Think back — back before we knew that the IRS was unacceptably targeting right-wing groups for scrutiny or that the Department of Justice was unbelievably searching the phone records of journalists. Think all the way back to February, when all anyone in Washington was talking about was the country’s fiscal problems, and how we needed to do something to fix them, right now, even if it meant clasping hands and going over the so-called “fiscal cliff” into the suicide pact of sequestration.

Well, beneath the din of all the scandal talk, there was some pretty important news about the country’s fiscal condition last week: The deficit is shrinking.

Last week, the nonpartisan Congressional Budget Office released a report on its budget projections. This year’s deficit, the CBO expects, will be $642 billion, the smallest since 2008 and only half as large as the 2009 deficit, in terms of size relative to the economy. Just a few months ago, the CBO thought this year’s deficit would be about $200 billion higher.

Most of the change since February the CBO attributes to temporary factors, such as rich people claiming higher incomes than expected in 2012, because they figured tax rates would rise in 2013. But there’s an overall trend that has more to do with tax hikes, spending cuts, and most importantly, a strengthening economy.

None of this means we’re out of the fiscal woods. Though the deficit looks to be reasonable these next couple of years, it will go up again a few years down the road, mostly because the country will be paying more to take care of more old people, as well as for debt service.

Which brings us back to sequestration, the automatic cuts Congress and the president agreed to back in 2011 as an incentive to come up with an actual fiscal plan. The incentive didn’t work, and the cuts began to go into effect in March — $1.2 trillion over 10 years to domestic and military programs.

This sounds like a response drawn up by people very concerned with a big deficit problem over the next couple of years. But we don’t have that problem — and not only because of sequestration cuts, which are a small piece of the puzzle. Our problem is further off, and has to do with spending on the elderly.

You know what would help address that problem? Reforms to major health-care spending, and economic growth. Sequestration doesn’t do the first and actively counteracts the second, by cutting jobs and slowing the economy.

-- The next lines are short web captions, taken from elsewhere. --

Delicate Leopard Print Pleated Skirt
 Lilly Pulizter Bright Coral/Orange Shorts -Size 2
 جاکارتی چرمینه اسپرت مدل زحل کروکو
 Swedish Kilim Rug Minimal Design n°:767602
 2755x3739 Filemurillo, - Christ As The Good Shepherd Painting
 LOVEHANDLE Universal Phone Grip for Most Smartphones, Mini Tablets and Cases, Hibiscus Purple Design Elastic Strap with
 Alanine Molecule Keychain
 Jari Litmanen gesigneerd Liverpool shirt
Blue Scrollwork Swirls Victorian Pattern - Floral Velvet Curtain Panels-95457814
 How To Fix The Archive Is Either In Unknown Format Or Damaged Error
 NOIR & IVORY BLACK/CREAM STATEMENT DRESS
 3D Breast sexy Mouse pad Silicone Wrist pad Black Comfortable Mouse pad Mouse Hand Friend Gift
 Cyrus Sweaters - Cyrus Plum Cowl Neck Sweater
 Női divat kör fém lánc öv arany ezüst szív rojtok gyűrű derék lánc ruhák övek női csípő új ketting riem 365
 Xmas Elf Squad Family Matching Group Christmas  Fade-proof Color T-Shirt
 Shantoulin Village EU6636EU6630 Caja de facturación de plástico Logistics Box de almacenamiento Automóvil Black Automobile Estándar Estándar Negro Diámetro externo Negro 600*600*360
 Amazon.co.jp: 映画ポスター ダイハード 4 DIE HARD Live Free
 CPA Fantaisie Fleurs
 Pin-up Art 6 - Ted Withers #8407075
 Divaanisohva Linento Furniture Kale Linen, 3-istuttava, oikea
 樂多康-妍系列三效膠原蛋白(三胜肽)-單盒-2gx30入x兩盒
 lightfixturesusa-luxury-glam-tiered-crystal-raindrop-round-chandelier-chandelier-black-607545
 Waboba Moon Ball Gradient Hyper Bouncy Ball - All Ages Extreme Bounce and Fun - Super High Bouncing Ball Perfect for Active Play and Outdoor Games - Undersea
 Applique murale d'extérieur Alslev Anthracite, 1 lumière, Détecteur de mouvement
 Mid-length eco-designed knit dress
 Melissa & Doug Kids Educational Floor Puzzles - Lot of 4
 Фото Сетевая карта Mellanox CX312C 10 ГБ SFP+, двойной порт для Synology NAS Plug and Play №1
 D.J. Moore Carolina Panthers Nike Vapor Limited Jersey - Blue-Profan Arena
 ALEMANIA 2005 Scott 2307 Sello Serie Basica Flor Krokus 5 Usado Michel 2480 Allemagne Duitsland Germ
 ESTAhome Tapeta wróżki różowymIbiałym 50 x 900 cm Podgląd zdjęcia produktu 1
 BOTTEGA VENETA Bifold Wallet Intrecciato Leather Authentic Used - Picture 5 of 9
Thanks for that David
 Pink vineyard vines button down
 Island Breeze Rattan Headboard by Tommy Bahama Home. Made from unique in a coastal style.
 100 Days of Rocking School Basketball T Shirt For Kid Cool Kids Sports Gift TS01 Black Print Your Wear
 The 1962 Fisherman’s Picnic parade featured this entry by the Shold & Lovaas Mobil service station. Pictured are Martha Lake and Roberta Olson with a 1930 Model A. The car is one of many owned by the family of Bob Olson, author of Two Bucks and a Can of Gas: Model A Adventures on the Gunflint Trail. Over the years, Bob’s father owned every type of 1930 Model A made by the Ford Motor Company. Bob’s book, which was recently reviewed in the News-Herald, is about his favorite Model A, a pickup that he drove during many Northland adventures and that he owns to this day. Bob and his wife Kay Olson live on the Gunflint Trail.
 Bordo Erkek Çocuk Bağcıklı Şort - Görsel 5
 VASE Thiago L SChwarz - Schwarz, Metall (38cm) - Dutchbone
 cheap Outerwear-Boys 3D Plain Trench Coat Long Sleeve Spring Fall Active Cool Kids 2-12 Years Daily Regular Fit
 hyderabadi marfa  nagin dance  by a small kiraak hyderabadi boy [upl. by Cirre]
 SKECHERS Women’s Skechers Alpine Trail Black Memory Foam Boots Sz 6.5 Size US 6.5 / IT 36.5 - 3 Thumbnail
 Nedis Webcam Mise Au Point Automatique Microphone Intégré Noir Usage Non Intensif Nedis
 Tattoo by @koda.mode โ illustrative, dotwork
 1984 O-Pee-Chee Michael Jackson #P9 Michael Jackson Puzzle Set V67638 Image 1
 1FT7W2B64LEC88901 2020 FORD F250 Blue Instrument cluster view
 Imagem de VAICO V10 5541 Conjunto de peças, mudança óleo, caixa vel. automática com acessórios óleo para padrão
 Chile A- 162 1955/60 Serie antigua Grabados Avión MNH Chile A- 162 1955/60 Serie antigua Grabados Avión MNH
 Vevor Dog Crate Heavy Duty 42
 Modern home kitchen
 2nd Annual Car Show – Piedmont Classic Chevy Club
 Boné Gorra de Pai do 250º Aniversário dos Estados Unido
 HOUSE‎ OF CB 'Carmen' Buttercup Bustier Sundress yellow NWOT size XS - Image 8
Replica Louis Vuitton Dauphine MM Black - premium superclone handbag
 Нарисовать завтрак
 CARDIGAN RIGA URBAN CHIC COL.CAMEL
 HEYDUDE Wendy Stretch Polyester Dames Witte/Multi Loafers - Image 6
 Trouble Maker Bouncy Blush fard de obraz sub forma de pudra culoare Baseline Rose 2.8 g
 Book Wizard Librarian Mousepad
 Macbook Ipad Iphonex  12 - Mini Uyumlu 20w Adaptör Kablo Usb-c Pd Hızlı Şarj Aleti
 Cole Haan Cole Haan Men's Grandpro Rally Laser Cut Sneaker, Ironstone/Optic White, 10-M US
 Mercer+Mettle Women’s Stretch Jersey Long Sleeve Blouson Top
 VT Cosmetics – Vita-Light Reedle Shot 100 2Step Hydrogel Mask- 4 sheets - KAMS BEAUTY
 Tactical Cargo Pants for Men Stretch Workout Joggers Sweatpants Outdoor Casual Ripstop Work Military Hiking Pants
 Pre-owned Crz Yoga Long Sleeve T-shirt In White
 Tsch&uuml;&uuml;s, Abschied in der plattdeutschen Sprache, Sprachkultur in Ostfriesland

If you’re keeping score at home, this means that our government has responded to an oncoming problem by concocting a solution to a non-problem, which happens to make the actual problem worse. And it’s hurting people in the process by removing needed assistance, like food stamps, in a time of suffering.

The fight over sequestration is really a fight about the role of government: Should it provide security for the vulnerable? Get the heck out of the way? Whatever your position, we’re pretty sure no one supports government taking on the role it’s playing now: Mucking things up for the rest of us.